TASK TO CARRY OUT:
Would you retype the entries from the first line to the line bearing "即将开业的句子(实用40句),第1张", both included, leaving out every picture?

** Opening DATA SUPPLIED block **

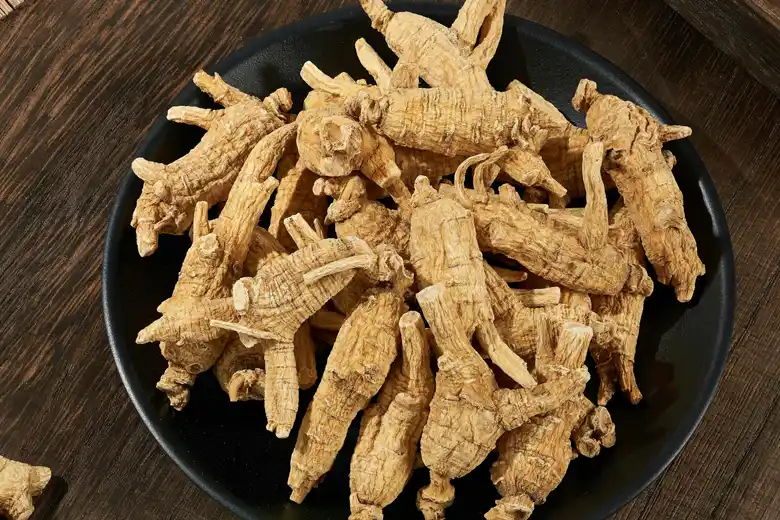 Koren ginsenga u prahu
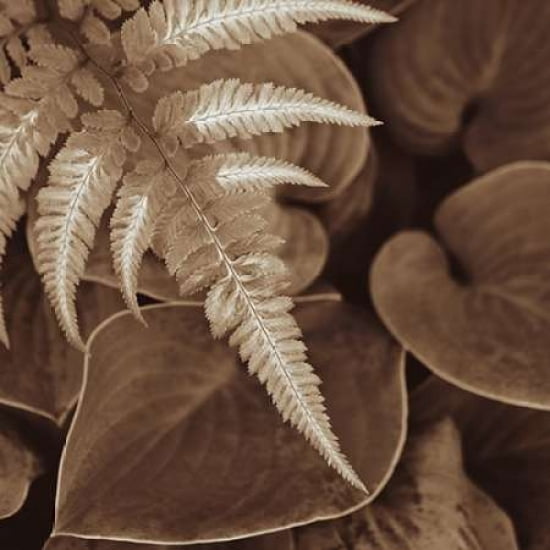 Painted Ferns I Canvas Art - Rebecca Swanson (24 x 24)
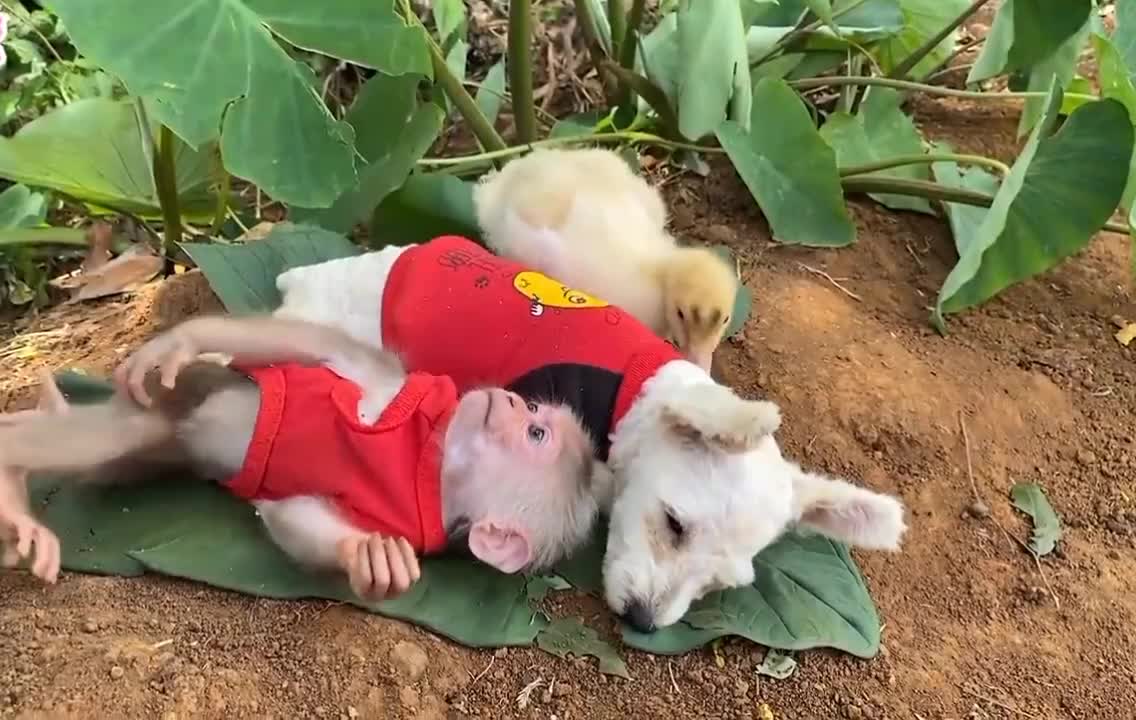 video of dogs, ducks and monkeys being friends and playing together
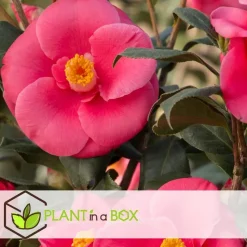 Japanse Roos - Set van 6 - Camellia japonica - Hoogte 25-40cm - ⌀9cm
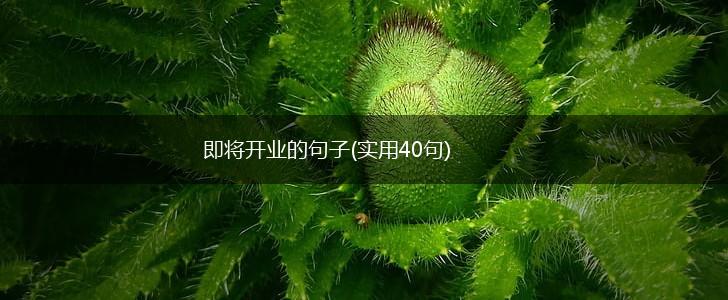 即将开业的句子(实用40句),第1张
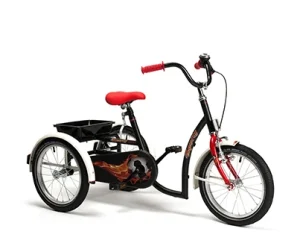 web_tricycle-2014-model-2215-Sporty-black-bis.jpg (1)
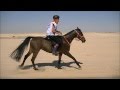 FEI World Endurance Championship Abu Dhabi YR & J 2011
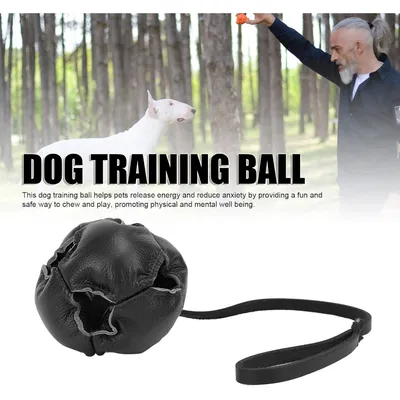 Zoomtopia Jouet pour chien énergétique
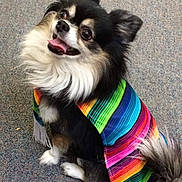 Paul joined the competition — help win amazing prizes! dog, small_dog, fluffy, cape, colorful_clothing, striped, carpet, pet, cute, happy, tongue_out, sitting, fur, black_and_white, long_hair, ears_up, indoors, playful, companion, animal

** Closing DATA SUPPLIED block **

OUTPUT BELOW:
 Koren ginsenga u prahu
 Painted Ferns I Canvas Art - Rebecca Swanson (24 x 24)
 video of dogs, ducks and monkeys being friends and playing together
 Japanse Roos - Set van 6 - Camellia japonica - Hoogte 25-40cm - ⌀9cm
 即将开业的句子(实用40句),第1张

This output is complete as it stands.